Loonie stuck in global chokehold: CIBC

Mark Carney, governor of the Bank of Canada, warned of a "death grip" on the U.S. dollar this week, but the Canadian dollar is also in a choke hold of its own, the chief economist with CIBC World Markets said in a report Friday. One way to break it would be for the Bank of Canada to “fight fire with fire” by intervening to sell loonies in the foreign exchange markets, in an effort to weaken the currency, Avery Shenfeld said.

Mr. Shenfeld highlighted two factors that have kept the loonie buoyant.

The first is more incidental than anything, with the loonie getting a relative lift as a byproduct of all the greenback purchases that U.S. trade partners have been making to devalue their currencies — the "death grip" Mr. Carney warned about.

More importantly, though, is the general interest foreign banks have had in the Canadian dollar over the past year. "Reasonable decisions by central banks to diversify their reserve holdings, including added weight in Canadian dollars, may have been a key factor in driving our currency to parity vs. the U.S. unit, offsetting a large trade deficit," Mr. Shenfeld said.

This is a problem for Mr. Carney, as the elevated loonie is preventing him from raising interest rates to curb rising household debt for fear of sending the dollar even higher and further curbing exports.
Instead, Canada could "fight fire with fire" by doing some currency intervention of its own, selling off an equivalent volume of loonies.

"That would simply move back to market-determined exchange rates, and loosen the death grip," Mr. Shenfeld said. "Just a thought."
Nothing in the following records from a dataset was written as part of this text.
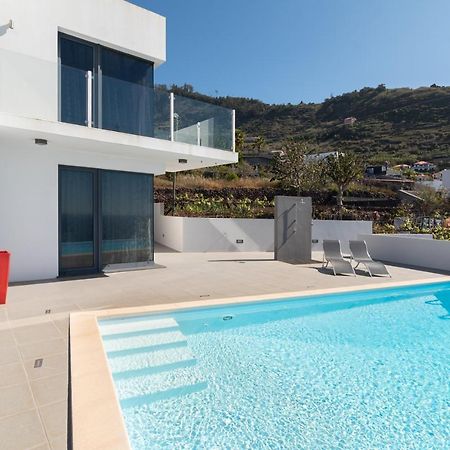 Luxo & Conforto Calheta  Exterior photo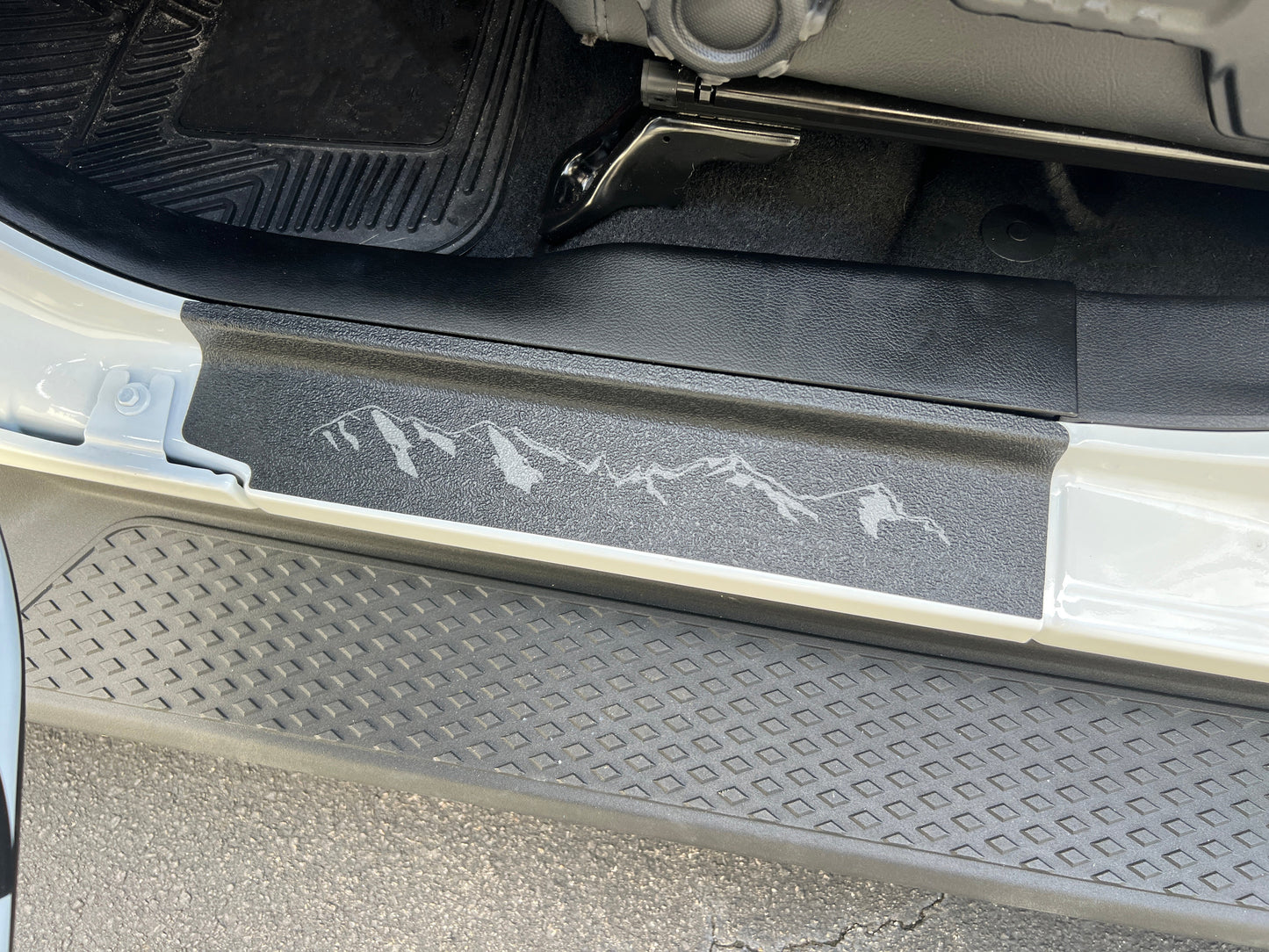 Textured Door Sill Overlays – Fits 2019–2025 Jeep Wrangler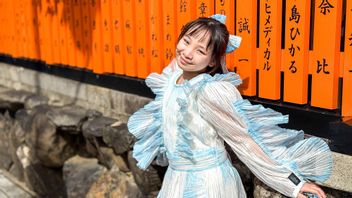 Etenia Croft在音乐视频《I Happy》中呈现了樱花国的色彩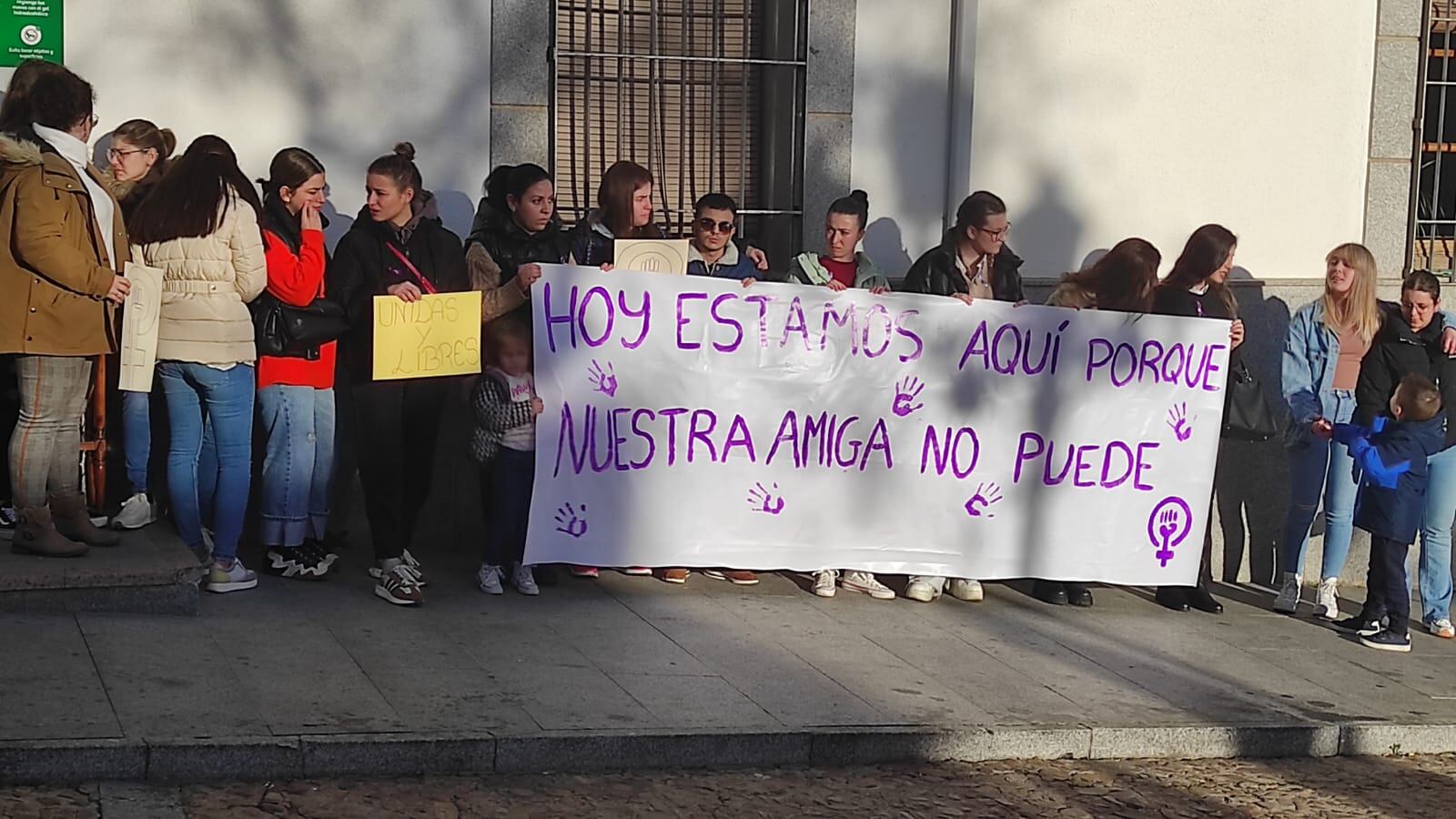 Amigas de Belén ha portado una pancarta en su memoria para manifestar su condena del asesinato machista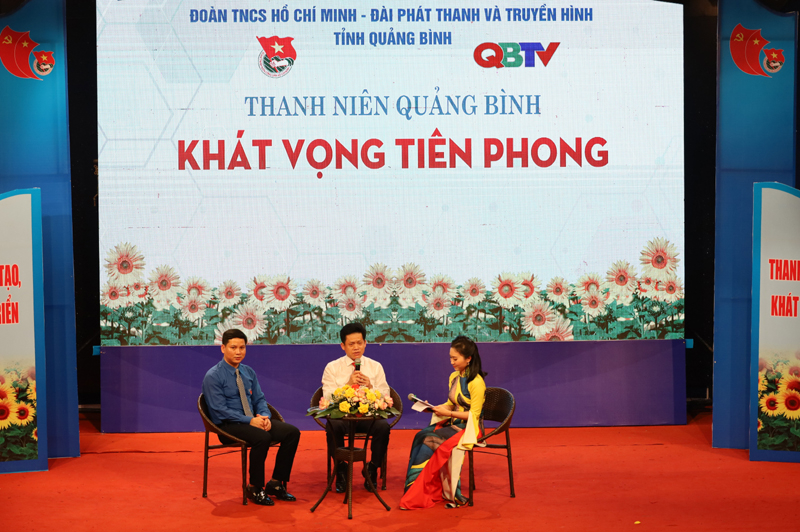 Trò chuyện cùng các khách mời.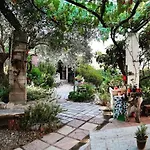 S'imbragu Farm Bed & Breakfast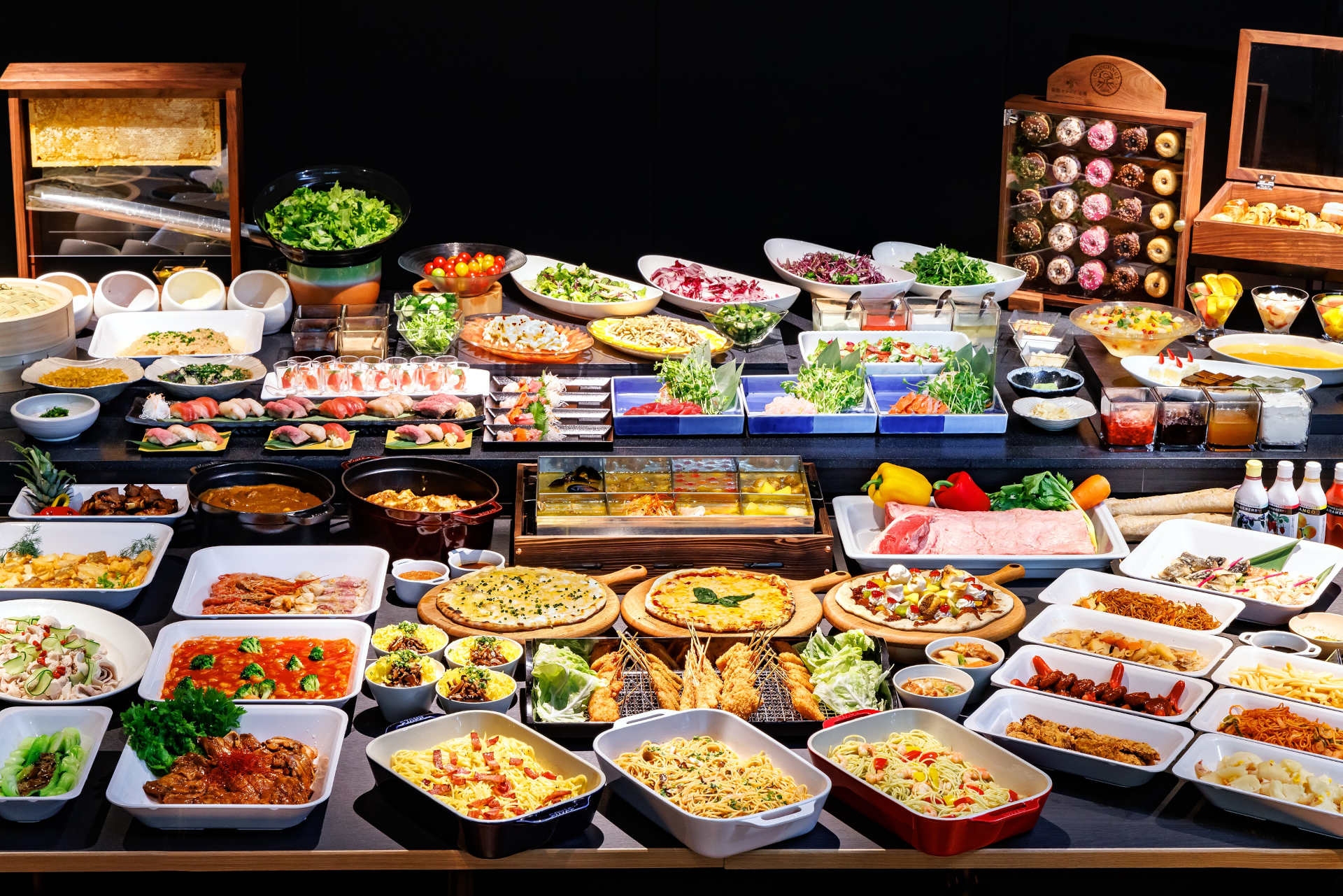 箱根ホテル小涌園のランチビュッフェとユネッサン水着ゾーンのお得なセットプランも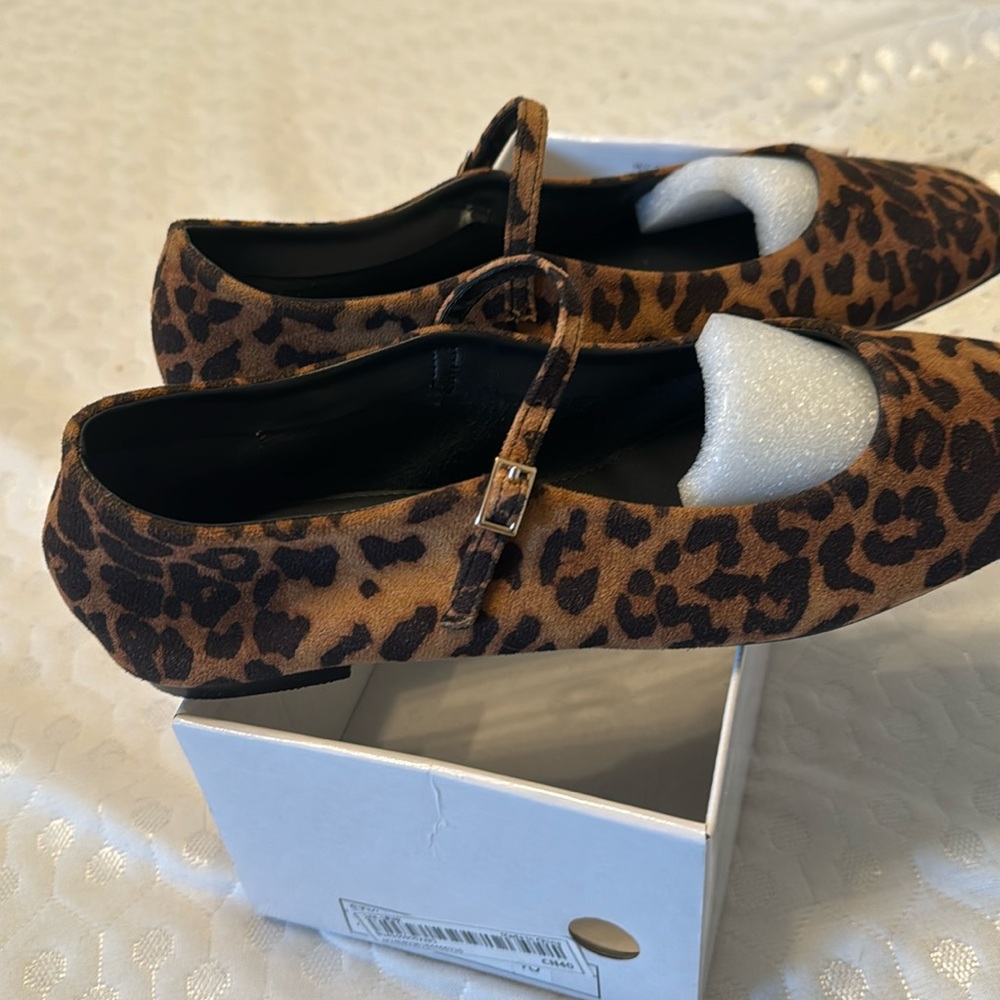 These shoes are either from Shein or fashion nova. I cannot remember.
Foreigners bought more than $72-billion in Canadian dollar bonds this past year, largely through Government of Canada issues.
Mr. Shenfeld estimates central banks might have accounted for as much as half of all net new foreign buying.
However, trade flows between Canada and most countries other than the United States is modest enough that it is unlikely any particular country would try to actively control their currency's cross with the loonie to the same level as the greenback."Nor are they directly aiming at driving the loonie against the U.S. unit, but that is still the outcome," he said.